Réunion du 9 février 2016 à 14h30
Prorogation de l'état d'urgence — Article unique

Photo de Pierre-Yves CollombatPierre-Yves Collombat :

Monsieur le président, monsieur le ministre, mes chers collègues, j’ai voté l’instauration de l’État d’urgence à la suite des attentats du mois de novembre dernier, j’ai voté sa prolongation pour trois mois, mais je ne voterai pas cette nouvelle prorogation, parce le principal intérêt de l’état d’urgence réside dans l’effet de surprise des interventions des premières semaines, et elles furent nombreuses. Or nous n’en sommes plus là.

Selon la commission de contrôle de l’Assemblée nationale, alors présidée par Jean-Jacques Urvoas, devenu depuis lors notre garde des sceaux : « L’essentiel de l’intérêt de ce que l’on pouvait attendre de ces mesures [d’urgence] semble, à présent, derrière nous. Partout où nous nous sommes déplacés, nous avons entendu que les principales cibles et les objectifs avaient été traités. De fait, l’effet de surprise s’est largement estompé, et les personnes concernées se sont pleinement préparées elles aussi à faire face à d’éventuelles mesures administratives. »

En outre, l’argument de la persistance d’un danger fort et permanent invoqué par le Gouvernement en appui de sa demande, mais aussi par d’autres, peut se retourner. La permanence du danger est précisément le signe que son traitement relève de bien autre chose que de la prolongation de l’état d’urgence.

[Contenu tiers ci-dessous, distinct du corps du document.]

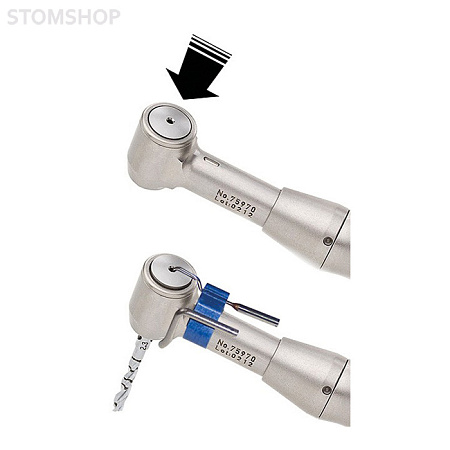 Nouvag 5053 - угловой хирургический наконечник с кнопочным зажимом, без света, 20:1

« Réagir efficacement à un attentat terroriste en donnant à l’État les moyens proportionnés à l’ampleur de la menace imminente était une chose, nous dit encore la commission Urvoas, combattre sur la profondeur le terrorisme en est une autre ».

Personnellement, je déplore le peu d’attention porté par le Gouvernement, en tout cas à ma connaissance, aux dimensions autres que policières – quelle que soit l’importance de ces dernières – de la lutte contre le terrorisme, et tout particulièrement à leur dimension idéologique. Neutraliser les tueurs actifs ou potentiels, c’est l’urgence ; stériliser le terreau idéologique qui les nourrit, l’obligation permanente. Je crains que le souci quasi exclusif de l’urgence ne l’ait fait oublier.

Les Français ne comprendraient pas la levée de l’état d’urgence si un nouvel attentat survenait, nous dit-on. Un an après les attentats de janvier 2015, état d’urgence ou pas, ces Français comprendraient-ils mieux si une nouvelle tuerie intervenait ? Je ne le pense pas.